2021年2月22日、東京都千代田区の東京電力臨時会見場で、東京電力による定例の記者会見が行われた。
東京電力はこの日の午後、原子力規制委員会に設置された、特定原子力施設監視・評価検討会で2月13日に発生した福島県沖地震による東京電力福島第一原子力発電所施設への影響について説明を求められており、小野明・福島第一廃炉推進カンパニー・プレジデントらが出席していた。
特定原子力施設とは、深刻な事故を起こした東京電力福島第一原子力発電所のことで、原子炉等規制法で国(原子力規制委員会)が指定した。

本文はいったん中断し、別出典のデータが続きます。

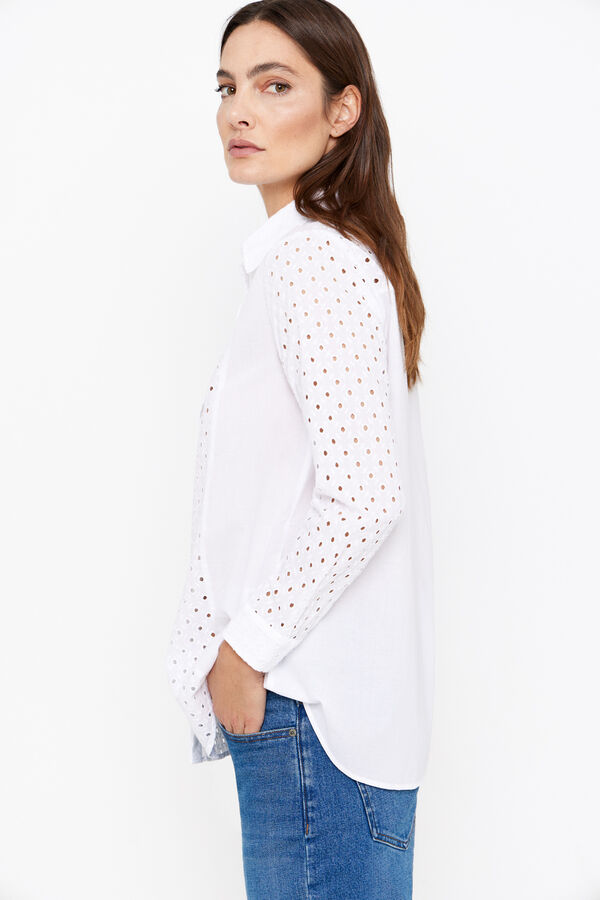 Cortefiel Combined cotton shirt White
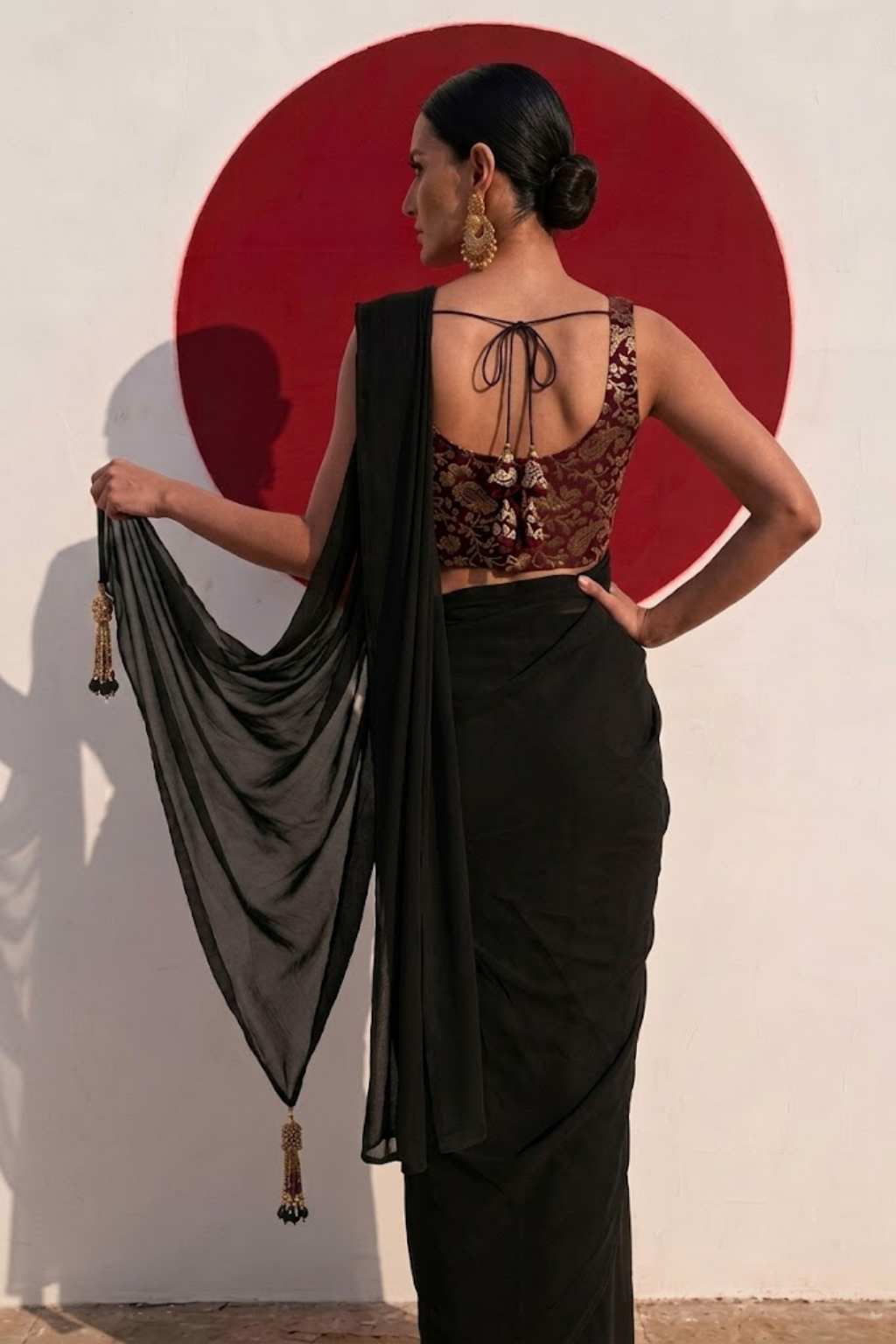 With Stitched Blouse - Maroon Brocade Blouse with Black Chiffon Saree (Blouse has sleeve attached)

特定原子力施設監視・評価検討会は毎月1回開かれている。
東電は監視・検討委員会の席上、原子力規制庁から地震発生当日の発電所内での地震データについて問われた際、昨年3月に3号機の1階と5階のオペレーションフロアに設置した2台の地震計が、それぞれ7月、10月には故障していてデータが採れていなかったことを明らかにした。
原子力規制委員の伴信彦委員は、故障したことを「気づかなかったのか」と迫り、東電の対応に対して「知ってはいたが、修理はしなかったという事ですね」と憤りをあらわにした。
東電定例会見では、記者から3号機に設置した地震計の故障について公表しなかった理由を問われ、東京電力の小林照明・広報担当が「試験的に設置したもので、公式ではない」と強弁した。
福島第一原発では1号機から6号機までの原子炉建屋の地下に地震計が設置されていたが、東日本大震災の津波で浸水した1号機から4号機の機器は停止中だ。また、東日本大震災の津波襲来前のデータは、1号機から6号機で、それぞれ異なった値を示していたことが知られている。
広大な敷地の中で6号機に設置された地震計で、福島第一原発を代表させるのには無理がある。規制委の有識者からも早く設置を、と要望が繰り返されていたにもかかわらず、設置を怠っていた事実は、3.11事故を顧みない東電の体質を象徴しているといえる。